Dobrei — entre contentamento e tristeza
— as poucas e mudas roupas. Nunca soube por que as lágrimas se
negam a serem doces quando convocadas pela alegria. Sempre chorei
salgado, talvez pelo peso da carne morta. Meu desterro, decretado
pela voz do pai — naquela manhã seca e fria —, me fez inventar
meu porto, mesmo sem escolher a margem do rio. Do abandono construí
meu cais sempre do outro lado. Em barco sem âncora e bússola,
carrego, agarrado ao meu casco, caramujos suportando sobre si o
próprio abrigo, solitariamente.
Não disse adeus. O amor peregrinou em
meu corpo vida adentro. Se tudo era nada, a lembrança acordava mais.
O amor se fez sempre o rosto do meu depois. A saudade, ao me
afrontar, mais eu desfazia dos amanhãs. E, se a carne reclamava, eu
salgava sua dor com os sonhos da memória. Sua ausência ocupou os
labirintos por onde eu me procurava e me perdia em meus próprios
traços. Mesmo em vão, jamais interditei os prenúncios do meu amor.

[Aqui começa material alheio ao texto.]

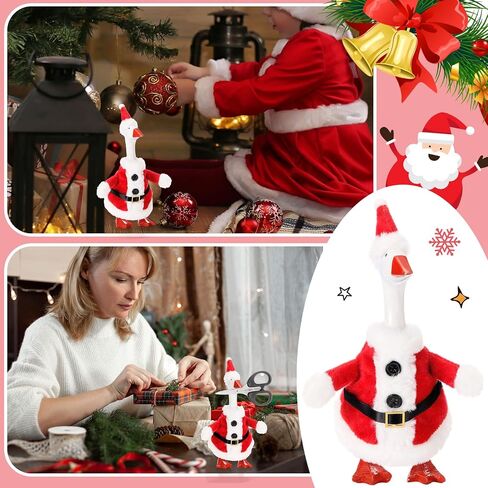 Abbylike Christmas Mini Desk Goose Outfit 7 Inch Magnetic Silly Goose تمثال سانتا لفريق الشتاء عيد الميلاد العطلة Duck Duck Decore Decore (Classic Red White) in Kuwait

Dois. Desconheço o depois de minha
despedida. Não se caminha sobre a sombra ao entardecer. Ignoro se o
remorso nos preservava em suas memórias, ou se a paixão lhes
presenteou com o esquecimento. A culpa é relativa ao tamanho da
memória. Esquecer é desexistir, é não ter havido. Ao me
interrogar se tomate ainda há, não me fecho em silêncio. Confirmo
que minha primeira leitura se deu a partir de um recado rabiscado
pela faca no ar cortando em fatias o vermelho.